2. Do not store this in one of those cool retro red ketchup bottles or anything that doesn’t have a lid in the refrigerator, because if you do you will find yourself eating it and thinking it doesn’t taste quite right. And then you will discover mold. And then you will die of horror.
3. Do not put too much cayenne in the batch or your children will not eat it. Wussies.
4. Whilst in the “reduction” phase of this recipe, a “low boil” is NOT the same as a “simmer”. A low boil is more like reducing the heat from a high heat to a medium heat. You want the sauce to boil down sometime while you’re still young, and if you turn the heat all the way down to simmer, you will die and be buried before it ever reaches the consistency you desire. I’m actually writing from Heaven as we speak. It’s amazing up here! Say yes to Jesus!
5. Make this. It’s really good and worth buying all the unfamiliar spices for! The directions are all from The Ball Complete Book of Home Preservation, and they claim that the consistency will be thinner than commercial ketchup. I think you can probably get pretty close to the right consistency depending on your patience in the reduction phase. My batch turned out a little thinner than Heinz, but still held up nicely on a french fry.
Homemade Ketchup or Catsup for you weirdos out there 😉
Makes about 7 pint jars
What you will need:
- 3 Tbsp celery seeds
- 4 tsp whole cloves
- 2 cinnamon sticks (4 inches each), broken into pieces
- 1 1/2 tsp whole allspice
- 3 cups cider vinegar
- 24 lbs tomatoes, cored and quartered
- 3 cups chopped onions
- 1 tsp cayenne pepper
- 1 1/2 cups granulated sugar
- 1/4 cup pickling or canning salt
1. Tie celery seeds, cloves, cinnamon sticks and allspice in a corner of cheesecloth, creating a spice bag.

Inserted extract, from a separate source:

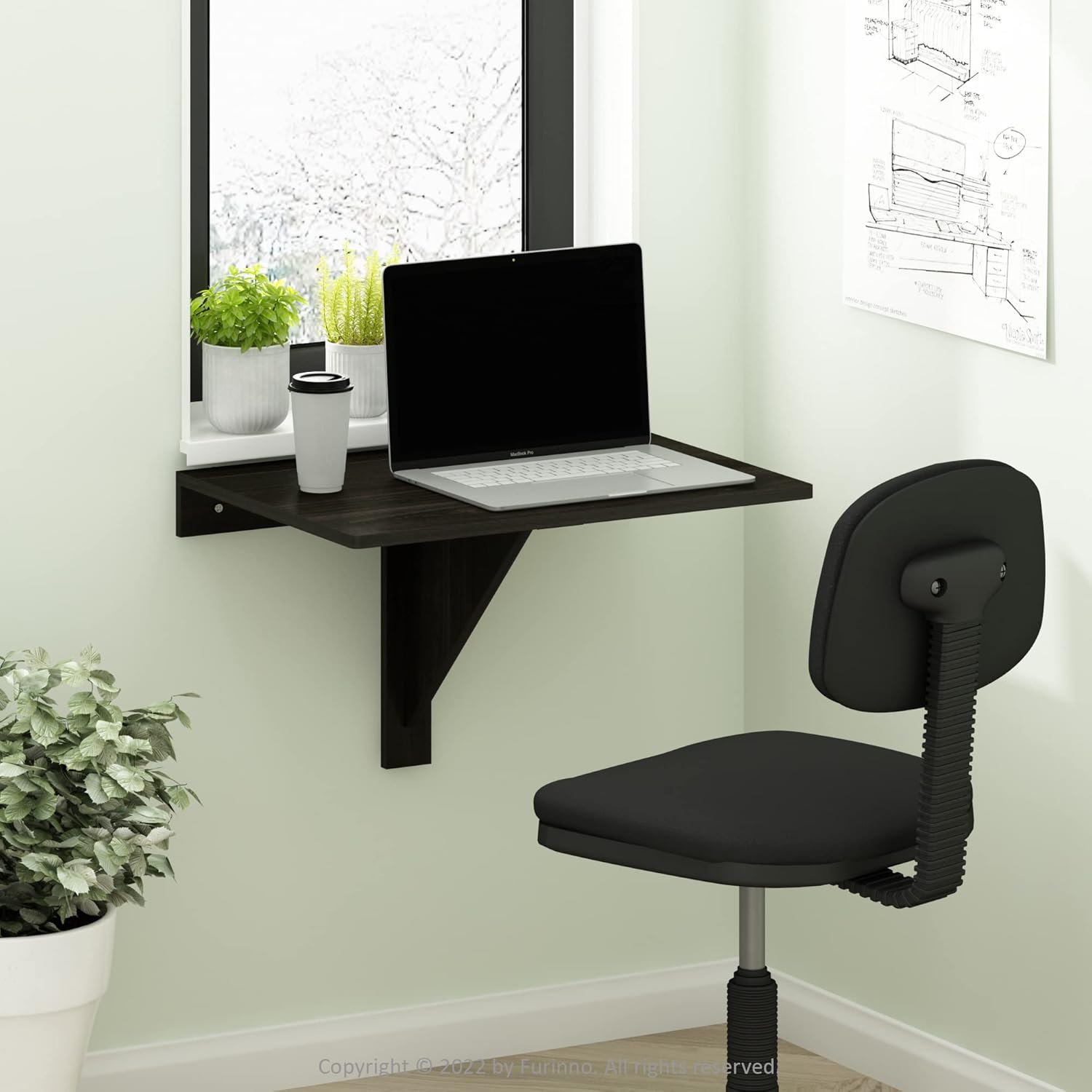 Detalle 2 de Furinno Hermita Mesa Plegable de Pared, Madera Espresso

2. In a stainless steel saucepan, add vinegar and spice bag. Bring to a boil over high heat. Remove from heat and let stand for 25 minutes. Discard spice bag.
3. In a large stainless steel saucepan, combine tomatoes, onions and cayenne. Bring to a boil over high heat, stirring frequently. Reduce heat and boil gently for 20 minutes. Add infused vinegar and boil gently until vegetables are soft and mixture begins to thicken, about 30 minutes. (I actually pureed and strained my tomatoes before adding the vinegar. You can do it either way.)
4. Using a food mill or a food processor and working in batches, puree mixture. Transfer mixture to a mesh colander placed over a glass or stainless steel bowl, shaking and banging the colander on the side of the bowl to force the liquids through. Discard solids.
5. Return liquid to saucepan. Add sugar and salt. Bring to a boil over medium heat, stirring occasionally. Reduce heat and boil gently, stirring frequently, until volume is reduced by half and mixture is almost the consistency of commercial ketchup, about 45 minutes
6. Meanwhile, prepare jars and lids. See Instructions for Boiling-Water Canning.
7. Ladle hot ketchup into hot jars, leaving 1/2 inch headspace. Remove air bubbles and adjust headspace if necessary, by adding hot ketchup. Wipe rim. Center lid on jar. Screw band down until resistence is met, then increase to fingertip-tight.
8. Place jars in canner, ensuring they are completely covered with water. Bring to a boil and process for 15 minutes. Remove canner lid. Wait 5 minutes, then remove jars, cool and store.
I chose to can this into quarts, which I would not recommend. Pints or half-pints make much more sense since there are no preservatives! (Am I wearing a muumuu in the reflection? That was SO 4 months ago! Tsk!)